Exercise details: Every line from the one holding "SuperH (SH) 64-Bit" through the last line of the records must be retyped exactly, and no other line or picture may appear in the copy.

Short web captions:
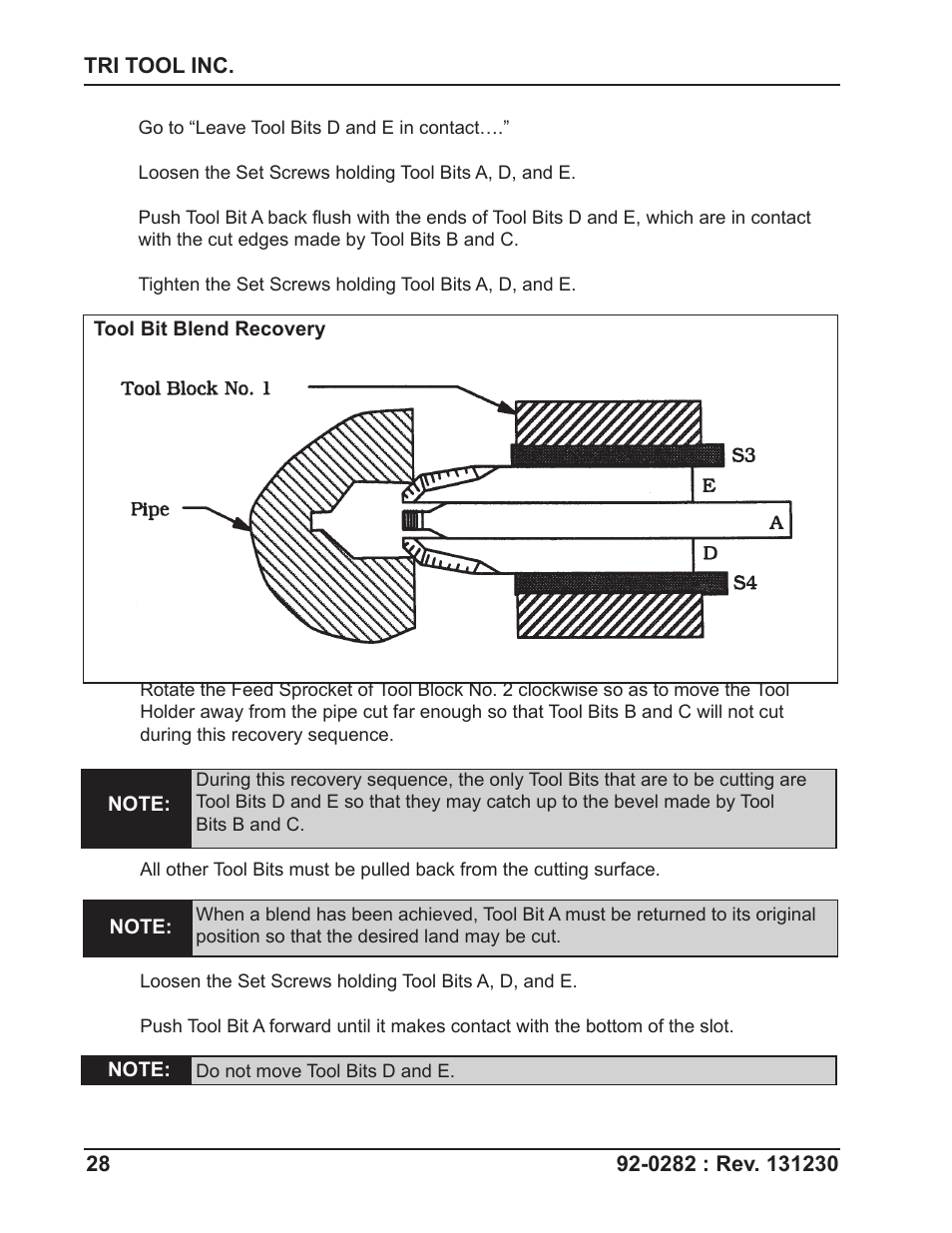 Tri Tool 620SB Clamshell Hydraulic User Manual | Page 28 / 54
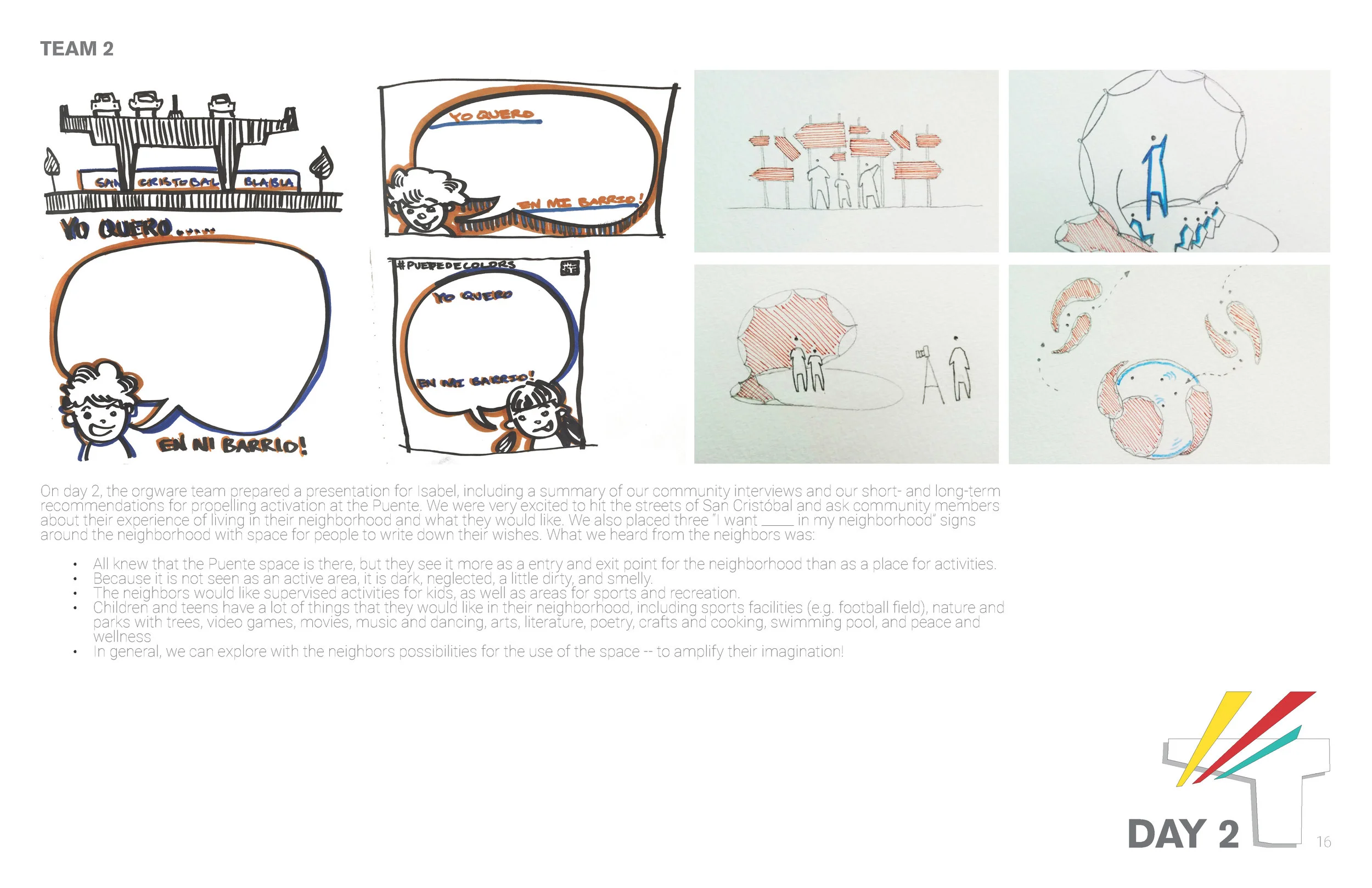 UrbanActivatorsBook-FINAL_Page_16.jpg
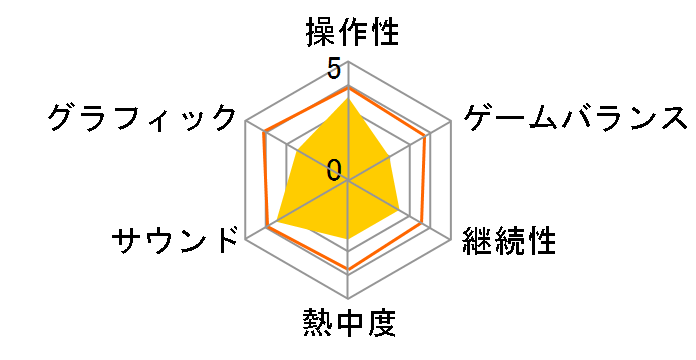 ���̎r���z���Ă䂯�Q�̃��[�U�[���r���[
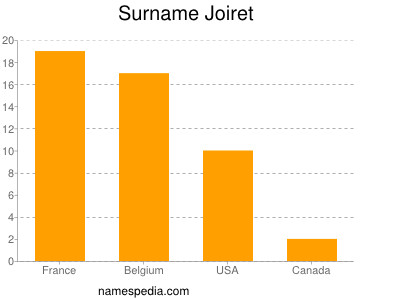 Surname Joiret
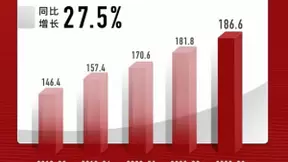 网易Q3财报解读：还是依赖游戏 有道亏损导致净利下滑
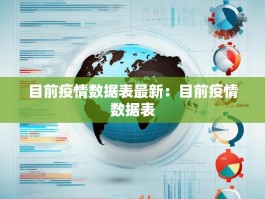 目前疫情数据表最新：目前疫情数据表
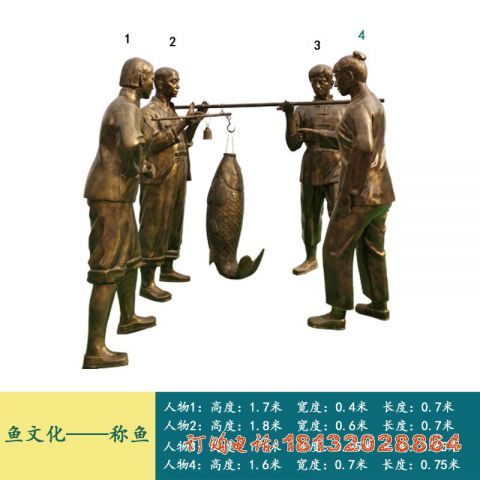 铸铜鱼文(wén)化人物(wù)雕塑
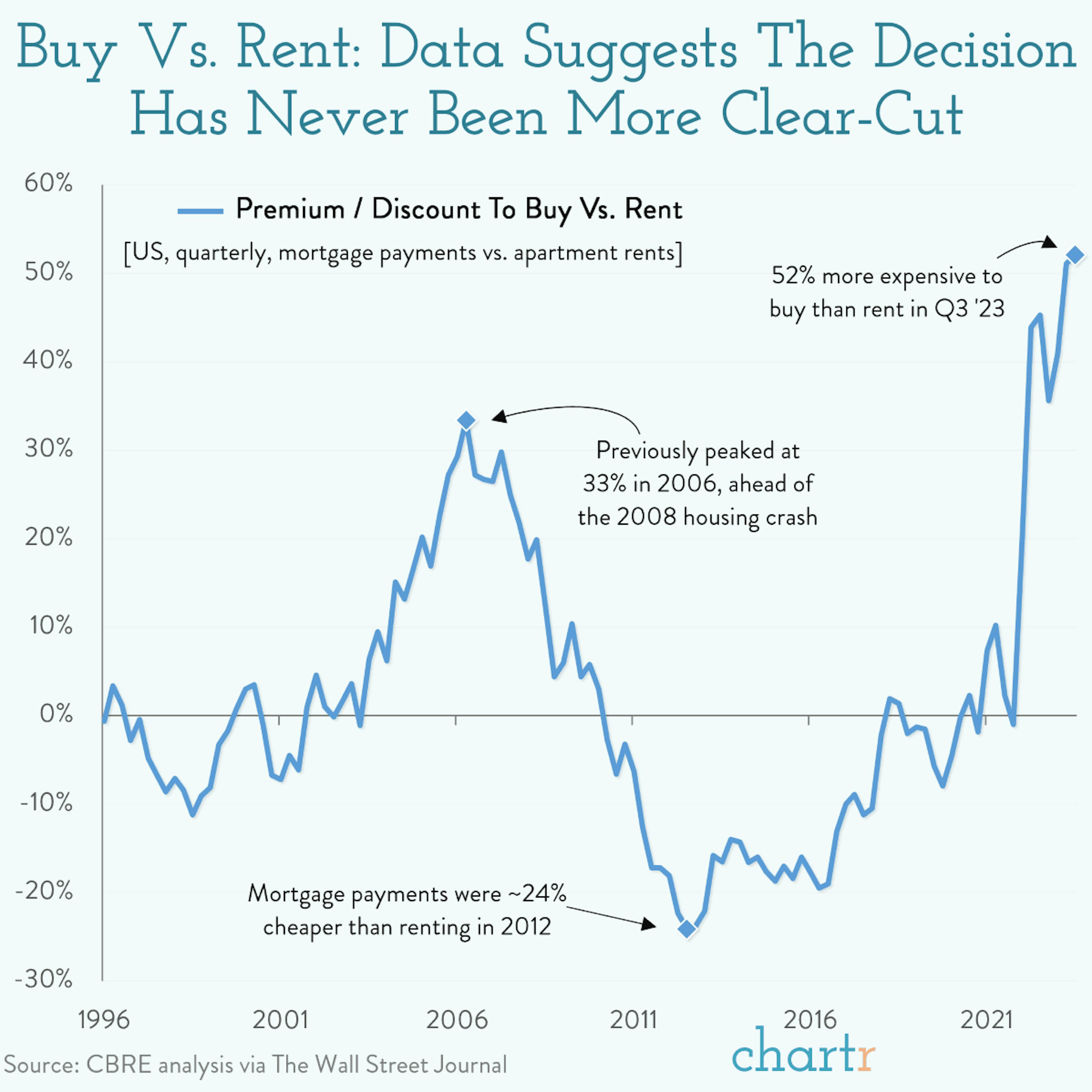Buy vs. rent: The latest data makes a clear case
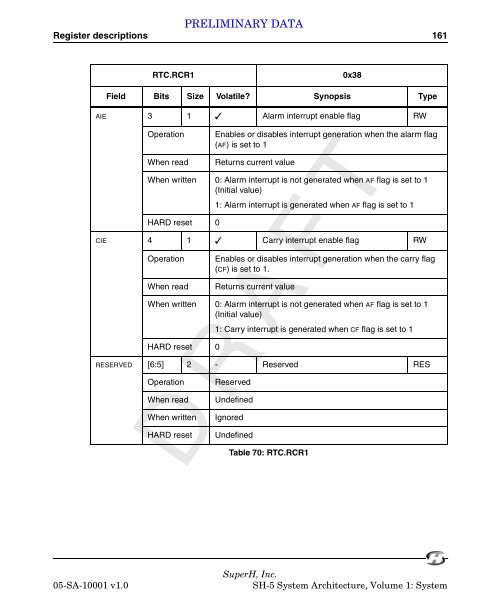 SuperH (SH) 64-Bit RISC Series SH-5 System Architecture, Volume ...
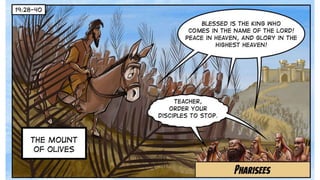 A Cartoonist's Guide to Luke 19:28-21:38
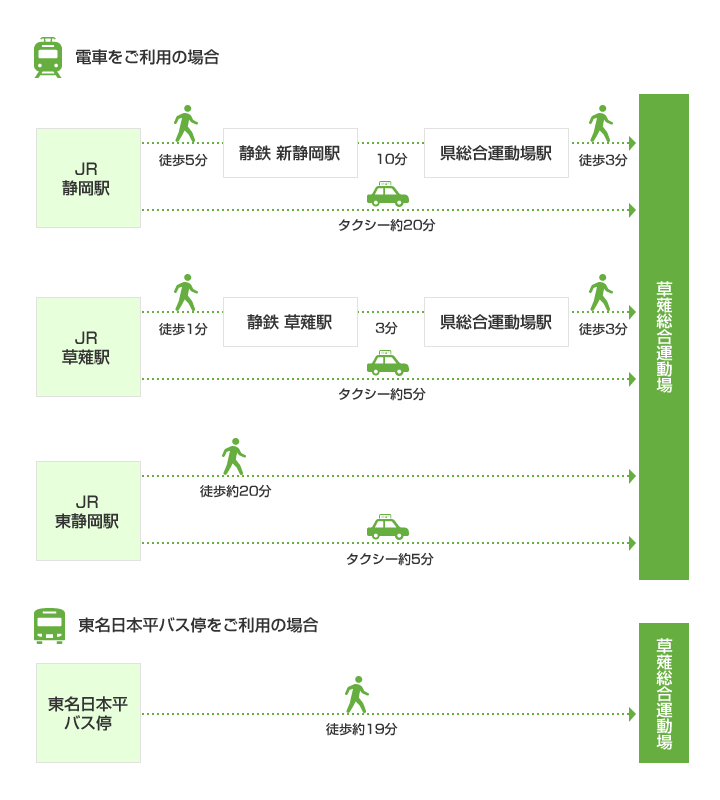 公共機関でのアクセス方法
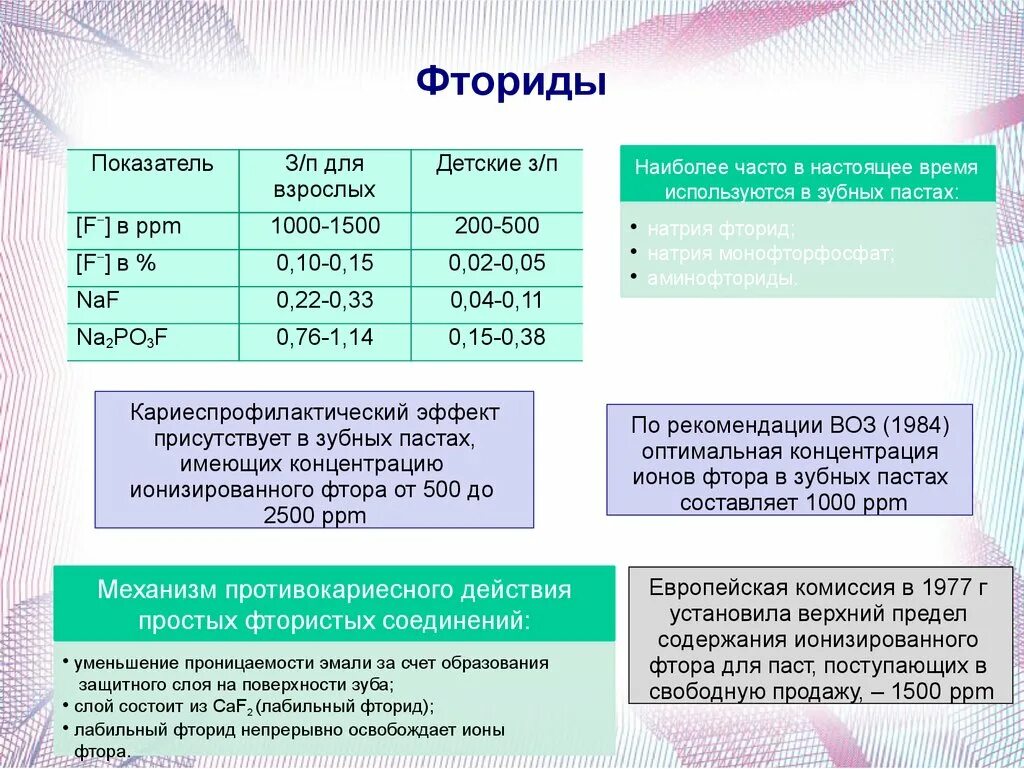 Сколько фтора должно быть в зубной. Содержание фтора в зубной пасте. содержание фтора в зубной пасте норма. концентрация фтора в зубной пасте. ppm фтора в пасте.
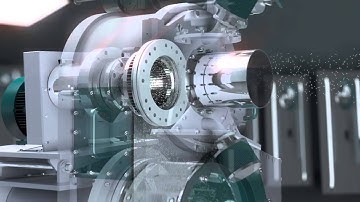 NETZSCH Fine cutting mill SecoMy® S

Worked solution:
 SuperH (SH) 64-Bit RISC Series SH-5 System Architecture, Volume ...
 A Cartoonist's Guide to Luke 19:28-21:38
 公共機関でのアクセス方法
 Сколько фтора должно быть в зубной. Содержание фтора в зубной пасте. содержание фтора в зубной пасте норма. концентрация фтора в зубной пасте. ppm фтора в пасте.
 NETZSCH Fine cutting mill SecoMy® S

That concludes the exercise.